今、世界のWebを最も騒がせているのはTwitter、日本語名「ついったー」である。「『いまなにしてる?』を書き込むマイクロブログ」と紹介される無料サービスがどうWebを騒がせているのか、Webの何を変えていくのかについて書いてみたい。

今、そこで起こっているWeb

 自分も利用者だから分かるのだが、ついったーの最大の面白さは、世界中から、ほぼリアルタイムに近い情報が自分の目の前に飛び込んでくることにある。あるいは世界に対して、自分がリアルタイムに情報を発信できることだ。この面白さを感じて、ついったーの利用者が増えているのだ。

 最大で140文字までの情報を公開できるマイクロブログ、「いまなにしてる」をつぶやくゆるいコミュニケーションが売り物のSNS(ソーシャルネットワーキングサービス)という定義は間違ってはいない。だが、ついったーの面白さをうまく伝えているとはいえないだろう。

 普段はあまり意識していないが、インターネットの世界は意外に静的だ。検索したり、URLを入力したりして情報にアクセスしている。リアルタイムでやり取りできることで、情報の世界ははるかに豊かなものになる。そして、リアルタイムに情報を公開する方法はあるようで少ない。RSSリーダーが最もこれに近いものだろうが、受信と発信の双方の機能を備え、140文字という制限を課したついったーのほうが、リアルタイムに情報をやり取りしやすい。

 リアルタイムでやり取りされる情報は人間の判断や行動に影響を与える。筆者がこのことを最も強く感じるのは、ニュースを受け取るときである。ついったーを使い始めてから、ニュースに対する感度は確実に上がった。

 例えば今年4月の米オラクルが米サン・マイクロシステムズを買収したというニュースも米国で発表されてから数分後には、手元のパソコンで確認していた。この原稿を書いている間にも、イラン情勢を巡るニュースが次々に飛び込んできている。

CNNやウォールストリートジャーナルも

 日本のメディアはそれほどでもないが、少なくともIT系に関する限り、米国のオンラインメディアはついったーを使って、ニュースのタイトルとURLを発信するのが当たり前のことになってきている。
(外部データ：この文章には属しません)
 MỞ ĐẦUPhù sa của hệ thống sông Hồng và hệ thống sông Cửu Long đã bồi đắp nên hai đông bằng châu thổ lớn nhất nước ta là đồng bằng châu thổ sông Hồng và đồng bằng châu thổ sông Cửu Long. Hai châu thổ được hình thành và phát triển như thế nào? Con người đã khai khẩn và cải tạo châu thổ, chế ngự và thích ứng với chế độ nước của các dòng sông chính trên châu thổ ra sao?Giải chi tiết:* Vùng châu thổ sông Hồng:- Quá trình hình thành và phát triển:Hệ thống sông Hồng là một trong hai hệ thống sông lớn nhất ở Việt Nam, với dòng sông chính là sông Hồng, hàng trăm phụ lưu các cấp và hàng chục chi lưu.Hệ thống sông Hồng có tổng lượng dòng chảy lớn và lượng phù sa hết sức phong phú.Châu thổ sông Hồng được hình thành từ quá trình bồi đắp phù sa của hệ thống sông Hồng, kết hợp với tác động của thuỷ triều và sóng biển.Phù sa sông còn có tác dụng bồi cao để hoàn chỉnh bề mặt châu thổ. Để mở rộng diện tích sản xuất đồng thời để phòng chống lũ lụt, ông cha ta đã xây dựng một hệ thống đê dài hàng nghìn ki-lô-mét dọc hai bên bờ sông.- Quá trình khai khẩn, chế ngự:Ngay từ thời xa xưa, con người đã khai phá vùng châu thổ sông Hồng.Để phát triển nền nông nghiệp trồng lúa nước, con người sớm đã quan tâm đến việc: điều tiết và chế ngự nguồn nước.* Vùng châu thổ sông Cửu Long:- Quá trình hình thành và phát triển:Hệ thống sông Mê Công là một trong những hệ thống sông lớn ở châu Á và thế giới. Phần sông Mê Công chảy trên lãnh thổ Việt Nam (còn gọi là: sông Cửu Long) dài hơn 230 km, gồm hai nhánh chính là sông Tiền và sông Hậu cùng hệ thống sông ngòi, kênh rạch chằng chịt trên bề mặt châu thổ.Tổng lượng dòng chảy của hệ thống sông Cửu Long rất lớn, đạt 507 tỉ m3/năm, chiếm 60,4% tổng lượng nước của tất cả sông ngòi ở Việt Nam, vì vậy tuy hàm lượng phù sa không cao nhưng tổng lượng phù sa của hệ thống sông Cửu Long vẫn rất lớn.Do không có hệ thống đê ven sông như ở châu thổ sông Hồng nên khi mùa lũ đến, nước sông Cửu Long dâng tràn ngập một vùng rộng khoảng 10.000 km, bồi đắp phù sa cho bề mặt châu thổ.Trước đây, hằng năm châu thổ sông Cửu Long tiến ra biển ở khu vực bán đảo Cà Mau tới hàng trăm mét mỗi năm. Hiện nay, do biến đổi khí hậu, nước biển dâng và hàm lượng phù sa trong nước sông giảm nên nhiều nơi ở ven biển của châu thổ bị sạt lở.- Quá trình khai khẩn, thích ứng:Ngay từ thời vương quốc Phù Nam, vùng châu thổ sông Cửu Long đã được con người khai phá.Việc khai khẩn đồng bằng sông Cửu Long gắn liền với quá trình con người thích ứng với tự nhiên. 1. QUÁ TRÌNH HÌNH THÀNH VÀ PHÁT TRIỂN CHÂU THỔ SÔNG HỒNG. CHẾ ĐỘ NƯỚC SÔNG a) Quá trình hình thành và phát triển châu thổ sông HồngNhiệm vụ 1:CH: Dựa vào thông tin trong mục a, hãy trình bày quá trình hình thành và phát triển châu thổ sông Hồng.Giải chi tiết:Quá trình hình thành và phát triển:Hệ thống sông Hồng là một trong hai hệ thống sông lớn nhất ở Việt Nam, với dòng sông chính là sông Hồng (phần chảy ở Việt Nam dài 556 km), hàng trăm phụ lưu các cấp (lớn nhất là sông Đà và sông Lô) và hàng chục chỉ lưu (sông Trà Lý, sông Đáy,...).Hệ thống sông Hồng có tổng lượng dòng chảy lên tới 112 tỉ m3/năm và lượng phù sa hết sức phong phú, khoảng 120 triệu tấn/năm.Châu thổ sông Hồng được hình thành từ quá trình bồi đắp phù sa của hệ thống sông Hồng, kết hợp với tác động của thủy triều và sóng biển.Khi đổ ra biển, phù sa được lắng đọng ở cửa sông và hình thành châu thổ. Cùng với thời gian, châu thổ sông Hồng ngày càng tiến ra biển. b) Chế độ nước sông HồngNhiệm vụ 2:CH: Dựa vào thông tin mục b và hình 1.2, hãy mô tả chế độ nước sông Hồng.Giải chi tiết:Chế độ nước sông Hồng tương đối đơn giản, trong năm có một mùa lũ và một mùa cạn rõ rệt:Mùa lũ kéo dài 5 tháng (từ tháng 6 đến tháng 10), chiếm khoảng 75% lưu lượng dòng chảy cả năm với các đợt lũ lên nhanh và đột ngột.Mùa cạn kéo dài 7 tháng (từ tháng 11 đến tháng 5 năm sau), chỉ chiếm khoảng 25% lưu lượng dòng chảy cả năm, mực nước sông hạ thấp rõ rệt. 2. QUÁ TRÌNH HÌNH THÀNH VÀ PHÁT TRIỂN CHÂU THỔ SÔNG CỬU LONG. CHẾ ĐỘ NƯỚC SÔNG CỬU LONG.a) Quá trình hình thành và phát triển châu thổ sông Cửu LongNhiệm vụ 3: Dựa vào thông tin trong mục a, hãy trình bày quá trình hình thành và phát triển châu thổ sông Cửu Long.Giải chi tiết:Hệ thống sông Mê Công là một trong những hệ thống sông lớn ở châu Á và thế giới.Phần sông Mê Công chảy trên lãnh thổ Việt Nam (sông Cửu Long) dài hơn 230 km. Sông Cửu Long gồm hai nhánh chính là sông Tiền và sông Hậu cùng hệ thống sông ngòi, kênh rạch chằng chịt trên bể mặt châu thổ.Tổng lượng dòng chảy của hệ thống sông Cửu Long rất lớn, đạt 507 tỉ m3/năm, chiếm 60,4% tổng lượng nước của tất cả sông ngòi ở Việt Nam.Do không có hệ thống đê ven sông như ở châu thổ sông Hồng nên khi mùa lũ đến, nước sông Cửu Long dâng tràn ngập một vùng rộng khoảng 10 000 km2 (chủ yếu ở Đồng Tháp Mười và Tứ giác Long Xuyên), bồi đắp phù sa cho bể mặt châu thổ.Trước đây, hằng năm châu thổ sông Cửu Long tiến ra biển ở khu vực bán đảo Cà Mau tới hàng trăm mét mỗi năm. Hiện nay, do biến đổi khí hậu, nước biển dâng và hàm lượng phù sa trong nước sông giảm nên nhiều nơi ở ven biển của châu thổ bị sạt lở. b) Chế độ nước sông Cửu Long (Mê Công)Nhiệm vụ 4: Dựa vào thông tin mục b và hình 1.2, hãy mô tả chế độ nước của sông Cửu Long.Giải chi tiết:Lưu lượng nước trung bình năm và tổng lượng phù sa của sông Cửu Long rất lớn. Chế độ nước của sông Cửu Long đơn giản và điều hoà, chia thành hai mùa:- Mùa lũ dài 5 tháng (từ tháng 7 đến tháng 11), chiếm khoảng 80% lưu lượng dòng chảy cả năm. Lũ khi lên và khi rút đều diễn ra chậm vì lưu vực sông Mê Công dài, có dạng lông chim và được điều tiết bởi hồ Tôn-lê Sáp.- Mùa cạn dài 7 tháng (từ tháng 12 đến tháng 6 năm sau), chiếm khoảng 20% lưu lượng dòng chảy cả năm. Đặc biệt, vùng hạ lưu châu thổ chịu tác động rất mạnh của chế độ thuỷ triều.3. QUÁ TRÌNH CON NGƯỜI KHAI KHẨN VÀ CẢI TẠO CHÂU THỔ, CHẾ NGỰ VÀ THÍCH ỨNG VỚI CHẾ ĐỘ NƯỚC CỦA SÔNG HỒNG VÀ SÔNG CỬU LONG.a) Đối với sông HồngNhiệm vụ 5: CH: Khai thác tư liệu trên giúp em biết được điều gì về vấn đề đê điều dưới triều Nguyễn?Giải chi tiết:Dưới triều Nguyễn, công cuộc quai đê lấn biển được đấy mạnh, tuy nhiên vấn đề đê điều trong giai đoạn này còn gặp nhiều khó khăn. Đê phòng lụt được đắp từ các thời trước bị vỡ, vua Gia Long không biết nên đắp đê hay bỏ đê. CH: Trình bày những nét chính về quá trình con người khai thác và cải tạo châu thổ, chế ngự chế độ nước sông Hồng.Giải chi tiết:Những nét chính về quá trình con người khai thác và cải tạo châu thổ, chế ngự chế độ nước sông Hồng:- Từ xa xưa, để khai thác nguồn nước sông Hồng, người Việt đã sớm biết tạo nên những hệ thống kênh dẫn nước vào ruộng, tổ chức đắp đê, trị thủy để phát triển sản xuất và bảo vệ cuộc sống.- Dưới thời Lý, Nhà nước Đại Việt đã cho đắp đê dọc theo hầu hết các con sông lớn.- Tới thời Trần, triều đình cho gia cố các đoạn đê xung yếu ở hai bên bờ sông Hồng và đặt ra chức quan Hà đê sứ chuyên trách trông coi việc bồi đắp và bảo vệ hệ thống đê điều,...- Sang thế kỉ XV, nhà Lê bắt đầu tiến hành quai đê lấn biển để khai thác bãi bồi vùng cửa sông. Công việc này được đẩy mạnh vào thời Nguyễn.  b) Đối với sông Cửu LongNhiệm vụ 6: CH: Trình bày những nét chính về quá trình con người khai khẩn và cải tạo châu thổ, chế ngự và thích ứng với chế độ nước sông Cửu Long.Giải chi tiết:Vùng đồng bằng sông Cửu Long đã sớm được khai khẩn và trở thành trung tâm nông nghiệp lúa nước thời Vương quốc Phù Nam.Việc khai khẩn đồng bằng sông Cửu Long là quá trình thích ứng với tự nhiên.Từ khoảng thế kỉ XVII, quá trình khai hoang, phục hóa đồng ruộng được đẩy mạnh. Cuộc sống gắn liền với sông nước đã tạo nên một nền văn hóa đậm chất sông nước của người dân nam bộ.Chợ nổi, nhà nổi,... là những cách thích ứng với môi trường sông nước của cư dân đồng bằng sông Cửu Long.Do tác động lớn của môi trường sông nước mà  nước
IT系だけでなく、米CNNや米ウォールストリートジャーナルのような大手メディアも、専用のアカウントを取得して、ついったーで情報を発信している。

 いわゆるメディアだけではない。米グーグルやオラクルなどの企業は、各種の情報をついったーで公開している。グーグルは一体、どれほどの数のアカウントを使って情報を発信しているのか分からないほどだ。米デルは、ついったーを利用して、パソコンの特売情報を発信している。既についったーで300万ドルを売り上げたという。
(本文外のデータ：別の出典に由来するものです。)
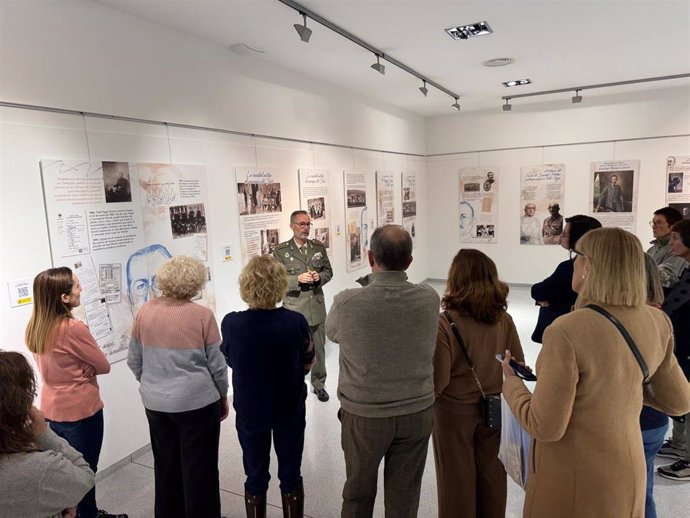 El subdelegado de Defensa en Huesca, el coronel Rafael Matilla, en la inauguración de la exposición dedicada a Fidel Pagés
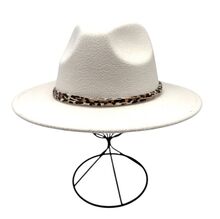 Chapeau fedora uni avec fines bandes de garniture à motif léopard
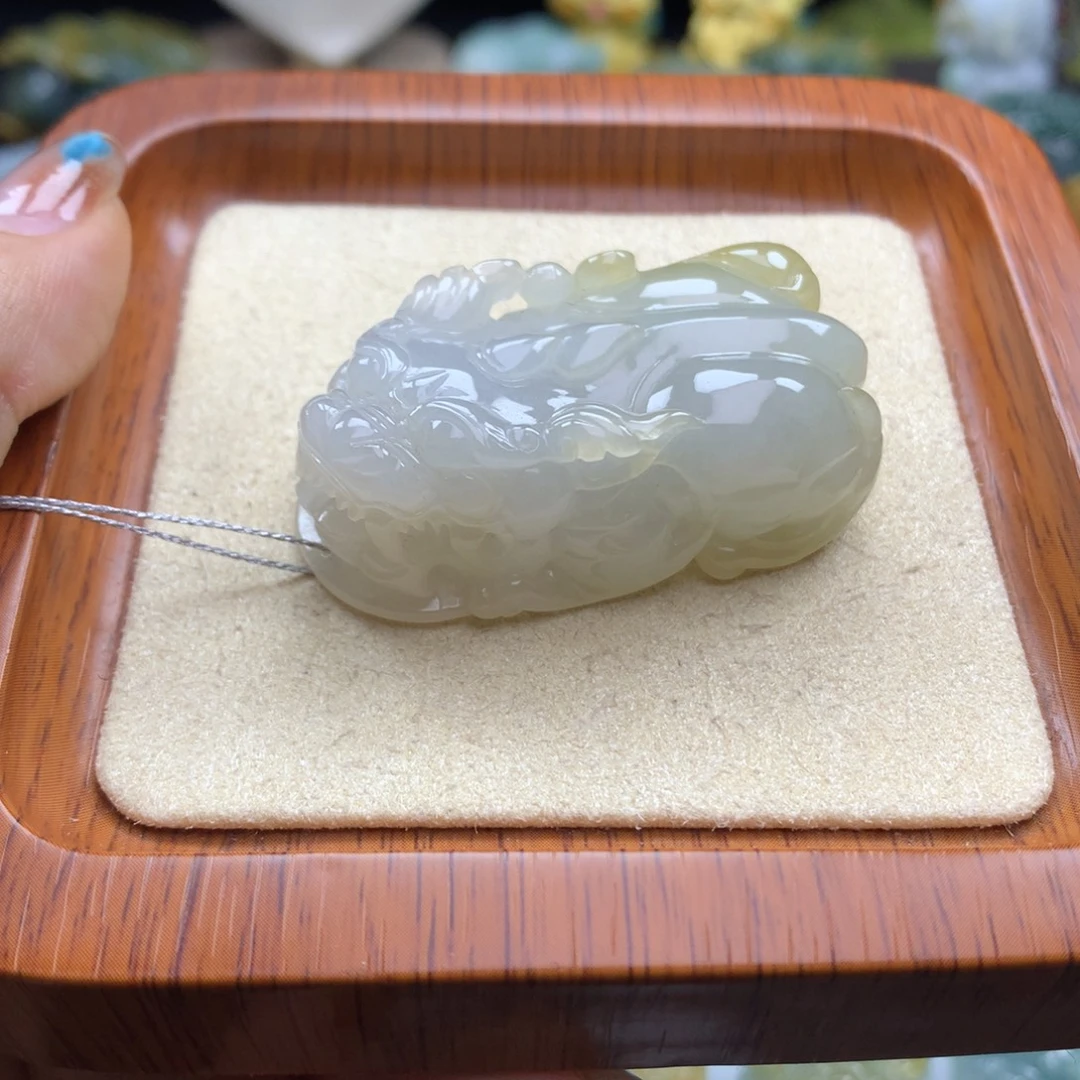 翡翠未镶嵌颈饰28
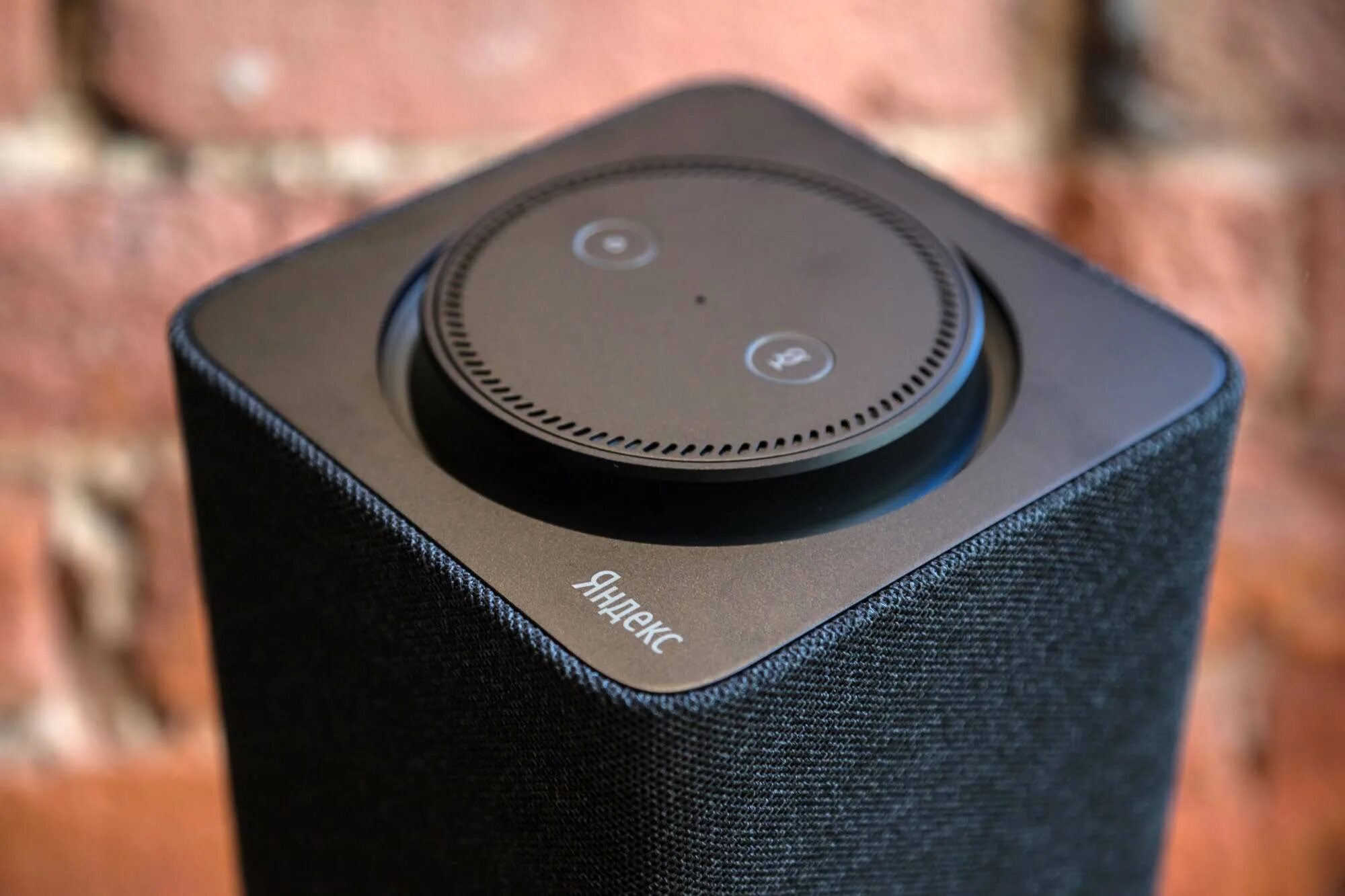 колонка алиса станция 2. умный дом станция 2. умный дом станция 2. умная колонка в интерьере. алиса колонка 65вт.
 さらについったーは人のメディア化を推し進める。これは米国に限った話ではない。筆者の知人もついったーでさまざまな情報を発信している。その中には確実にニュースとしての価値を備えたものがある。人事、イベントを含め、企業からの公式な発表情報であるプレスリリースよりも面白いものも多い。ニュースが飛び出すメディアとしては、2ちゃんねる以来の存在という印象を持っている。

 リアルタイムの情報のやり取りは別にニュースだけに関係するわけではない。さまざまな楽しみ方がある。一つは実況だ。日本でもイベントでの出来事を実況するようについったーに書き込む人が増えている。大規模なイベントの際には、そこここから歓声が聞こえるような状態がついったー上に現れる。

 もちろん、つぶやきを読むことで親近感が強まった知人もいる。遠距離でなかなか話す機会のなかった知人との交流も復活した。余談だが、競合媒体のキーパーソンの最新動向も居ながらにして、ある程度は分かるようになった。こういった感覚はついったーを使う前には、経験したことがなかった。